**TO DO**
The material below holds the lines to copy: from the one with "Bailarinas de K-pop" up to and including the one with "zomer feestelijk met". Copy them exactly and skip the pictures.

**EXCERPTED DATA**
**********

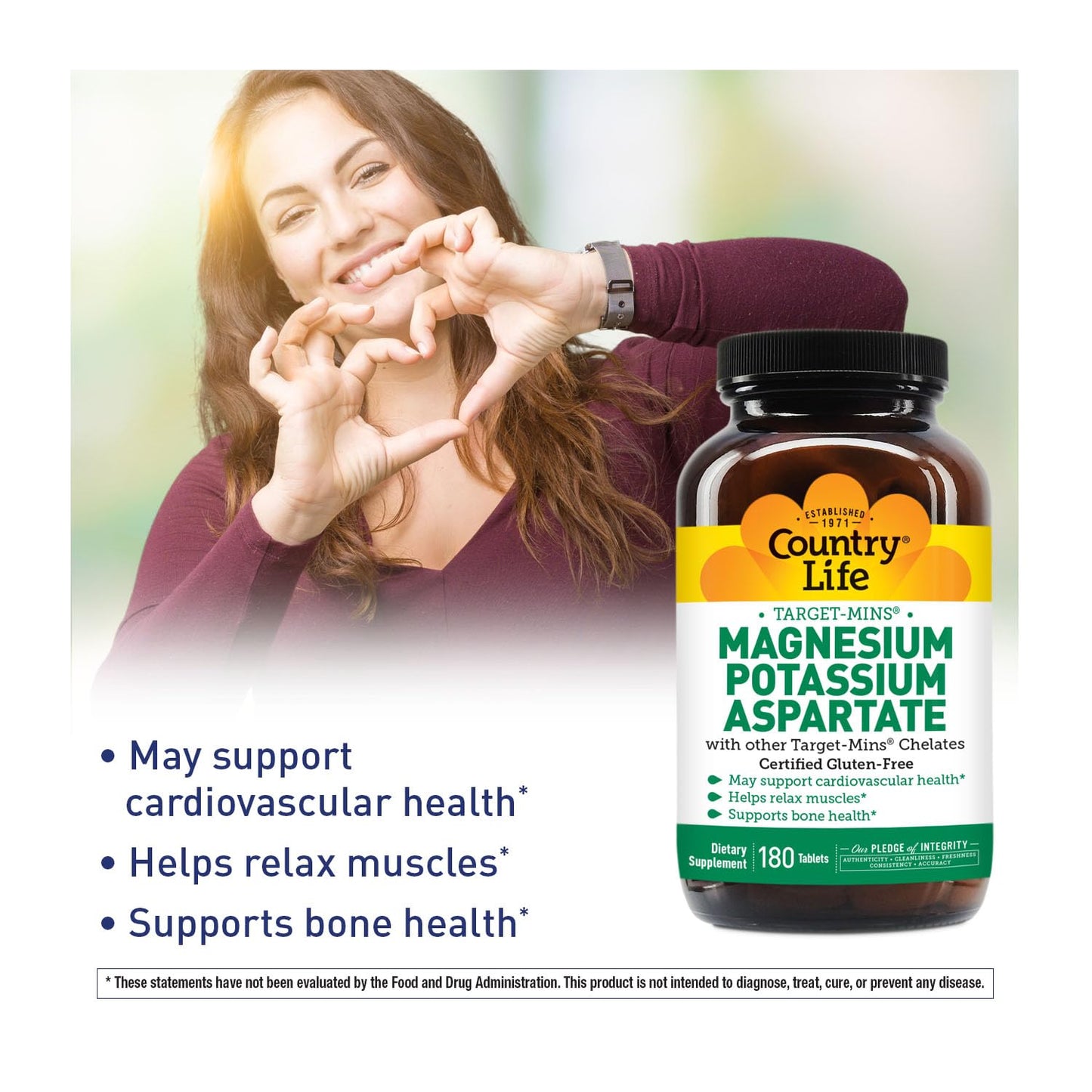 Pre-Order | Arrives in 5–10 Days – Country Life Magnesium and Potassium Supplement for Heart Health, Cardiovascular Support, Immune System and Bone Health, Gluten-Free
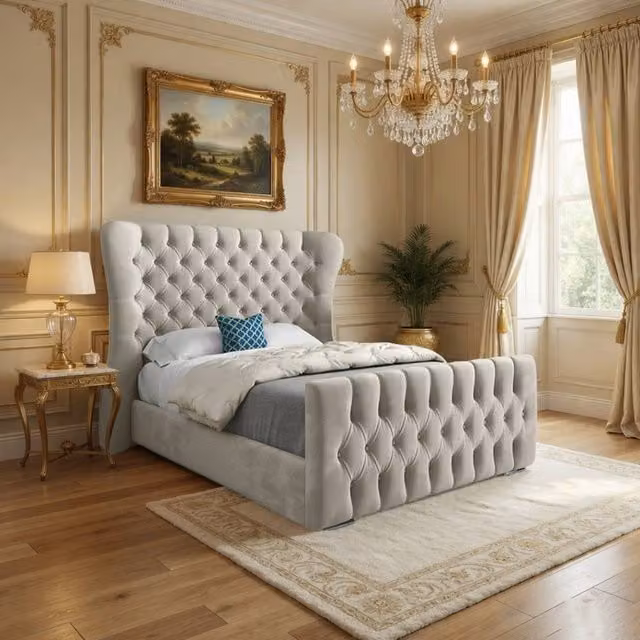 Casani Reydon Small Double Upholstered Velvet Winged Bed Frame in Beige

**********

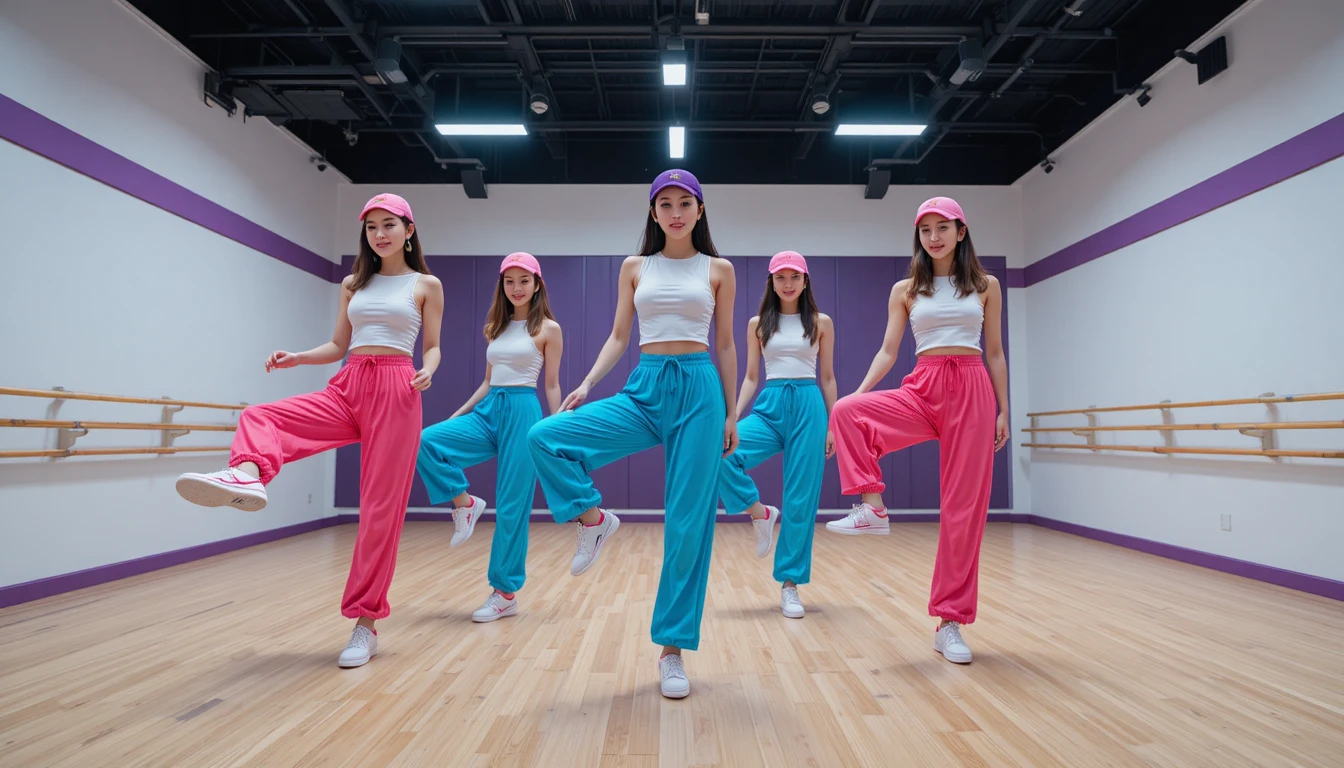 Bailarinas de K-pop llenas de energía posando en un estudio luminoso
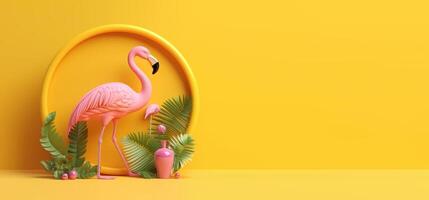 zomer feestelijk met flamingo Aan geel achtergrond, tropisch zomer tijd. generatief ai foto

**********

**WORKED SOLUTION**
 Bailarinas de K-pop llenas de energía posando en un estudio luminoso
 zomer feestelijk met flamingo Aan geel achtergrond, tropisch zomer tijd. generatief ai foto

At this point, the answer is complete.